Las carreteras se han ido adaptando a las evoluciones tecnológicas. Nadie compra un coche con aros o estrellas para discurrir somnolientamente por caminos trazados a la vera de un río: en cada recodo, por bello que sea, puede surgir un inconveniente, un estorbo, una sorpresa. En ocasiones no queda otro remedio: queremos visitar los inhóspitos lugares que parecen estar lejos de la civilización, aunque tengan hoteles rurales, camping y restaurantes (nos parecen, precisamente, inhóspitos, porque ya solamente sabemos de asfalto y retenciones y calles y muchos, muchísimos coches por doquier). Y a ellos se accede habitualmente por asfalto estrecho y con muchas curvas, desde el punto en que la autovía se niega a proseguir.
La DGT no desea que vayamos tan rápido. Permite que adquiramos vehículos rapidísimos, que se levanten carreteras adaptadas a la fiabilidad tecnológica de la rapidez, pero mantienen sus límites en 120. Dichosa cifra. Allá por 1974, se estableció la velocidad máxima en 130. La crisis del petróleo la redujo a 100. Y en 1981 se alzó hasta lo que marcan los redondeles de las autopistas. Dicen, los de la DGT, que subir ese límite hasta 130 supondría un 30% más de víctimas por accidente en carretera. Si es así de espeluznante, no me explico por qué no reducen el límite de inmediato a 100: pienso que con gozo celebraríamos todos, una reducción porcentual parecida de accidentes de tráfico. Mi opinión es que nos engañan, de manera interesada: siempre hay un informe que avala con exactitud lo que se dice (de igual modo, siempre hay un informe que asegura justo lo contrario y con parecida exactitud).
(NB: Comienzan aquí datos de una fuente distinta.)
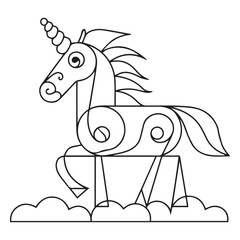 Illustration of a cute kawaii unicorn coloring page. Black and white outline vector cartoon character colouring book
A mí, personalmente, esta cuestión (y otras parecidas) me da lo mismo. Velocidad, tabaco, antibióticos, toros… Todo son prohibiciones que provienen de leyes que aburridamente se inventan nuestros aburridos mandamases. Y como no me apetece enfrentarme a nadie, circularé a 120, no fumaré nada, acudiré al médico para que me recete, dejaré de bostezar con el astado… Menudo ácrata soy: no combato nada. Me vence la indolente cobardía del sistema. Todo lo más, pisaré algo el acelerador cuando vea la autopista despejada y el GPS no anuncie un radar. No por llegar antes, sino por echar una risotada de pura satisfacción.